Des cancers de plus mauvais pronostic après un divorce récent

Le statut marital suscite une recherche épidémiologique active. Sa stabilité est un facteur qui joue en faveur du pronostic de nombreuses maladies chroniques, incluant notamment la maladie coronarienne, mais aussi les affections malignes. Un entourage stable fait partie de ces facteurs environnementaux qui ne peuvent qu’alléger le fardeau ou les complications de ces pathologies.

Le divorce qui introduit l’incertitude et l’instabilité autour du patient est aux antipodes de la situation précédente, mais rares sont les études permettant d’apprécier son retentissement pronostique en cas de cancer. L’exploration de la base de données SEER (Surveillance, Epidemiology, and End Results) pour la période située entre 1973 et 2006 apporte son éclairage. Elle a permis en effet d’identifier 83 804 patients chez lesquels ont été diagnostiquées deux affections malignes dans un intervalle compris entre 12 et 60 mois. Les patients ont été considérés comme récemment divorcés s’ils étaient mariés lors du premier cancer et divorcés lors du second.

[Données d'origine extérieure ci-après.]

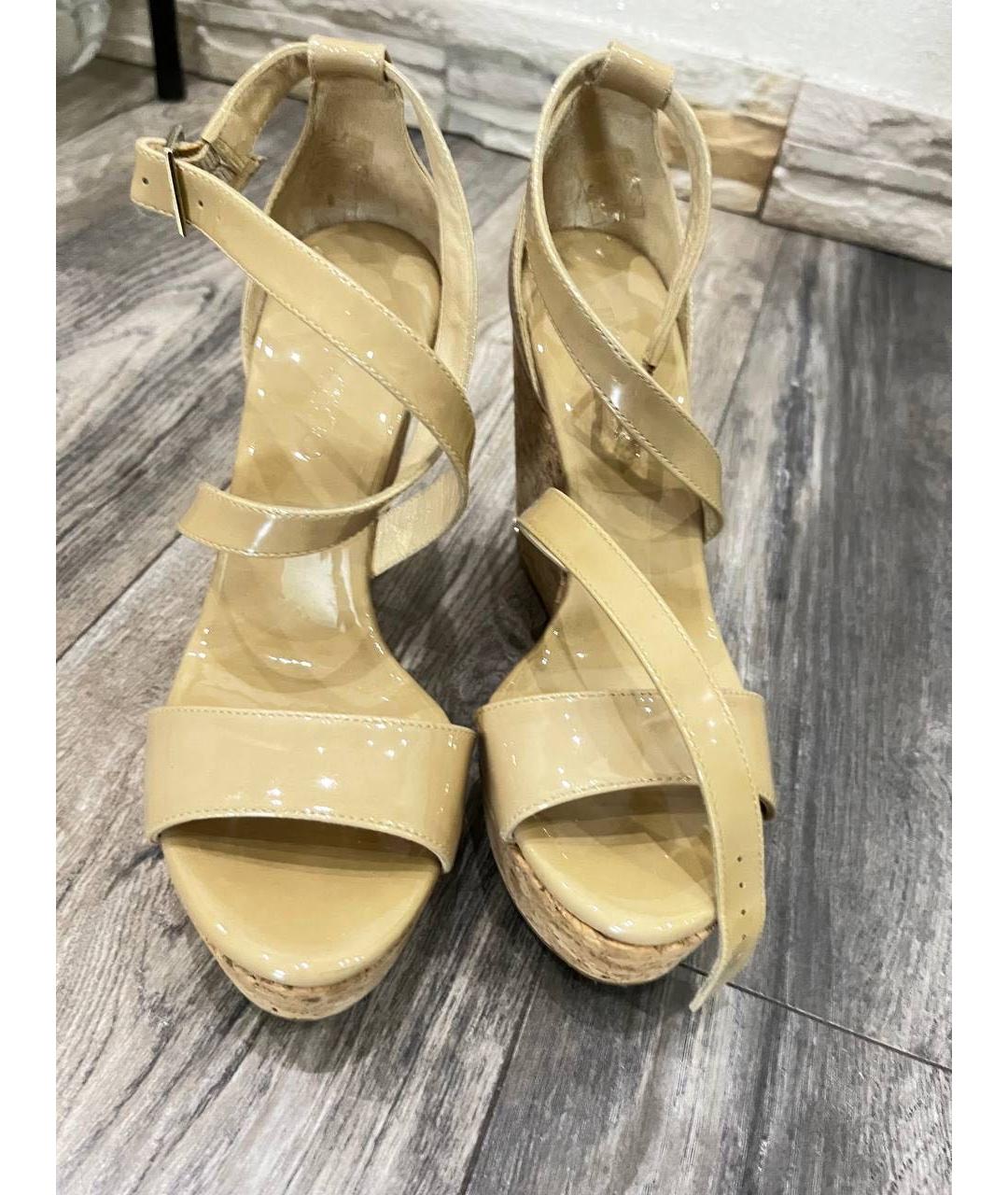 JIMMY CHOO Бежевые босоножки из лакированной кожи, фото 2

Une analyse multivariée par régression logistique multiple a recherché une association entre le changement de statut marital (divorce ou mariage récent) et les caractéristiques du second cancer : stade TNM au moment du diagnostic, traitement reçu et survie spécifique.

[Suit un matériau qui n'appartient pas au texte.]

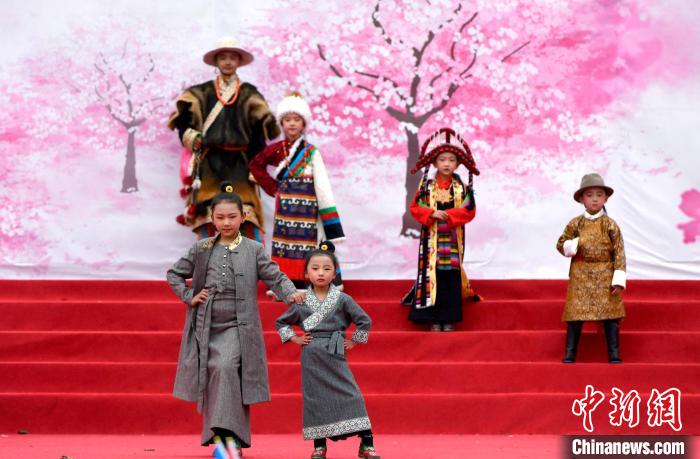 3月28日，西藏林芝第二十屆桃花旅游文化節(jié)開幕式上的文藝表演?！±盍?攝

Des diagnostics tardifs et survie moins longue

Au cours de la période d’observation, un divorce est survenu dans 4 % des cas, et un mariage dans 3,4 % des cas. Si l’on compare les patients récemment divorcés à ceux mariés de longue date, le risque de découvrir une tumeur maligne à un stade avancé s’est avéré plus élevé, l’odds ratio ajusté (ORA) étant en effet estimé à 1,31 (intervalle de confiance à 95 %, IC, 1,19-1,43). Ce risque s’est avéré un peu plus faible chez les divorcés de longue date, avec un ORA de 1,18 (IC, 1,11-1,25).

En cas de divorce récent, les chances de bénéficier d’un traitement curatif se sont avérées plus faibles (ORA, 0,74,  IC, 1,11-1,25), tandis que la durée de la survie liée au cancer a été la moins longue, le hazard ratio ajusté (HRA) étant en effet estimé à 1,17 (IC, 1,05-1,30, p = 0,005). En cas de divorce ancien, la valeur correspondante du HRA a été estimé à 1,08 (IC, 1,01-1,16 ; p =0,032). Les mariages récents ont-ils eu un effet sur la survie ? La réponse est négative, car, par rapport aux mariés de longue date, le HRA est resté proche de l’unité, soit 0,96 (IC, 0,85-1,08, p = 0,46).

Le divorce récent ne constitue ni plus ni moins que la rupture aiguë d’un équilibre souvent inscrit dans le long terme. Il s’accompagne de la destruction d’un tissu relationnel qui est à la fois un soutien et une sécurité, au travers du lien au partenaire. Il n’est pas surprenant qu’il retentisse, à ce titre, sur le pronostic des affections malignes du fait d’un diagnostic plus tardif, alors que la tumeur est à un stade plus avancé. Les chances de recevoir un traitement curatif sont alors plus faibles et la durée de la survie en rapport avec la maladie s’en trouve raccourcie. Les mêmes tendances sont observées en cas de divorce ancien, mais sur un mode atténué. Dans ces conditions, le divorce, a fortiori s’il est récent, mérite d’être considéré comme un facteur de risque et intégré dans la prise en charge thérapeutique globale. Une telle approche devrait inciter le patient à rechercher un soutien psychosociologique dont le divorce l’a privé…

Dr Philippe Tellier

Référence
Dinh KT et coll. : Increased Vulnerability to Poorer Cancer-Specific Outcomes Following Recent Divorce. Am J Med., 2018 ; 131 : 517-523.